First of all, I have read this similar question and am satisfied that the answers there prove the result I am interested in. That being said, I'm more interested in this particular approach than in the actual result, so I think it's reasonable to post this as a new question, even if the approach covered there can be considered a "better" answer to the underlying question.

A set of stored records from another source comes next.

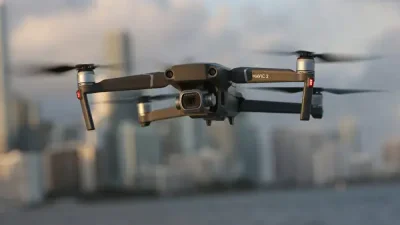 Дрон Mavic 2 Pro китайского производителя DJI зависает в воздухе в Майами, штат Флорида, 15 декабря 2021 года.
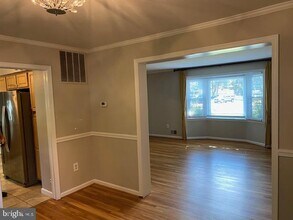 8008 Leyton Pl in West Springfield, VA - Building Photo - Building Photo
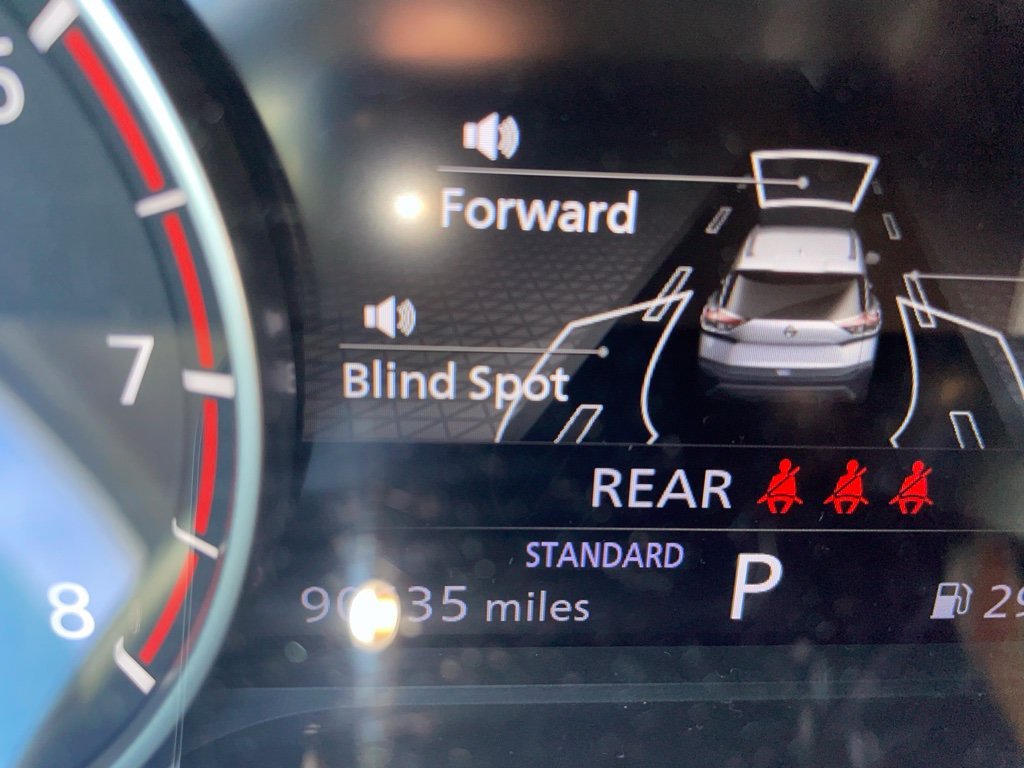 Used 2021 Glacier White Nissan S image 4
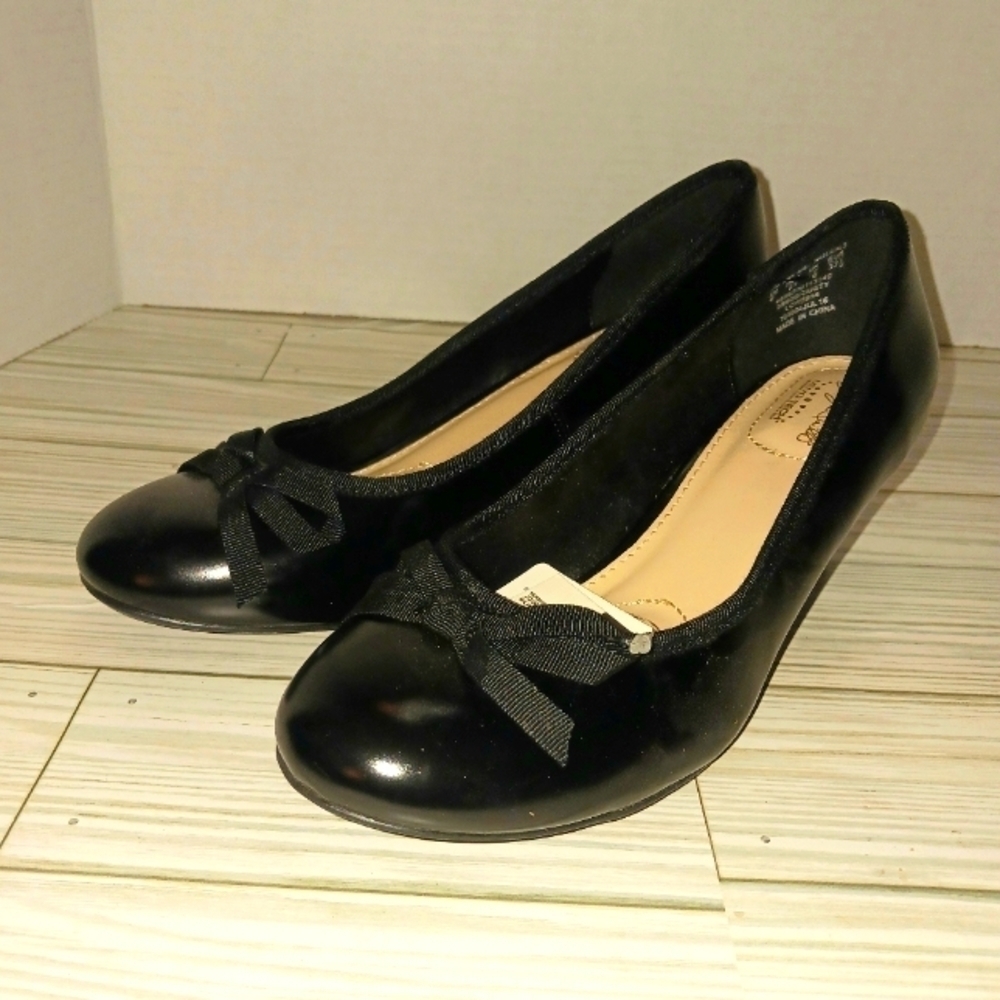 Black Mid-Heel Pumps with Memory Technology Insoles Bows on Toe, Size 6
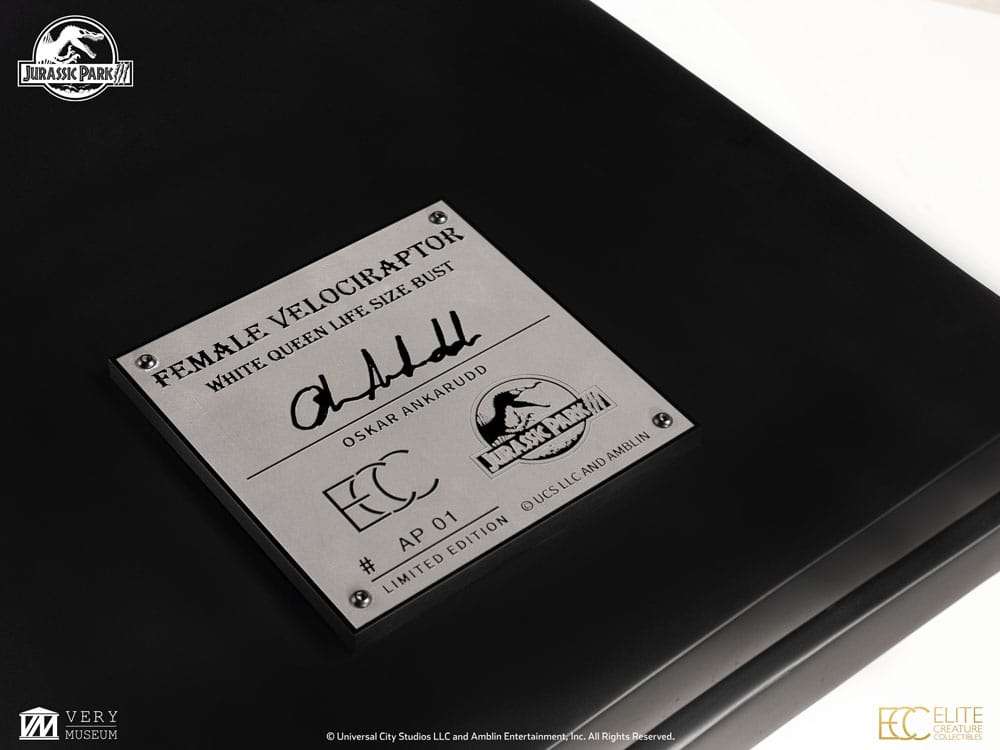 Jurassic Park III Büste Female Velociraptor White Queen 75 cm – Bild 12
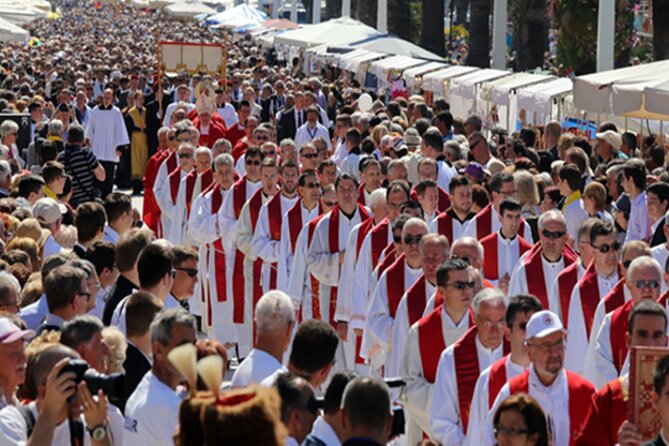 Controversies behind Split and Croatia-Anthropologist guide - Exploring Split’s Controversial Past at Diocletians Palace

Fix the notation $$F_k := \textrm{ the free group on } k \textrm{ generators}.$$ Let $n,m \in \mathbb{Z}^+$ and furthermore let $n > 1$. I claim that there exists a subgroup $G$ of $F_n$ with $$G \cong F_m.$$ To "prove" this statement (actually, I believe the argument is only a heuristic):
First, the statement is trivial if $m < n$, so assume $m > n$. For the cases $n = 2, 3$, to demonstrate that $F_n$ contains an isomorphic copy of a "larger" free group, write $$F_2 = \langle a,b \rangle; \ \ \ G = \langle aa,bb,ab \rangle \subset F_2; \ \ \ G \cong F_3 $$ and $$F_3 = \langle a,b,c \rangle; \ \ \ G = \langle ab,ac,bc,aa \rangle \subset F_3; \ \ \ G \cong F_4. $$
Finally, to demonstrate that when $n \geq 4$, $F_n$ contains an isomorphic copy of a "larger" free group, write $$F_n = \langle g_1, \dots, g_n \rangle.$$
We use the observation that there are no relations between the elements of the set $$B := \{g_i g_j : 1 \leq i < j \leq n \}.$$ This set has cardinality ${n \choose 2} > n$, so the group $$G = \langle B \rangle \subset F_n$$ is isomorphic to $F_{n\choose 2}$.
Now, I'm not sure if the observation in the last few lines is actually true, and I would really love a counterexample if one exists or a hint of how I might begin a proof of it. But, supposing it holds true, then this line of reasoning apparently tells us how to write a proof of the original statement for any particular $n >1$, $m >n$. What I'm not sure of is how to write a rigorous argument that encapsulates every case without making use of the statement "and now if we wanted to we could..." or some such.